Short text fragments from websites:
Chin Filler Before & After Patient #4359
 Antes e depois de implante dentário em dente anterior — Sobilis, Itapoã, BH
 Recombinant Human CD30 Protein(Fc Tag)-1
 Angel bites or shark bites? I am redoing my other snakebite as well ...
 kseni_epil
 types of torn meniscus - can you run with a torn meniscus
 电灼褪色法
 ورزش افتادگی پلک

- _ASSIGNMENT_
Starting at the line in the records above that contains "Antes e depois", output every line up to and including the last one, with nothing added.

- _OUTPUT FOR THIS EXERCISE_
 Antes e depois de implante dentário em dente anterior — Sobilis, Itapoã, BH
 Recombinant Human CD30 Protein(Fc Tag)-1
 Angel bites or shark bites? I am redoing my other snakebite as well ...
 kseni_epil
 types of torn meniscus - can you run with a torn meniscus
 电灼褪色法
 ورزش افتادگی پلک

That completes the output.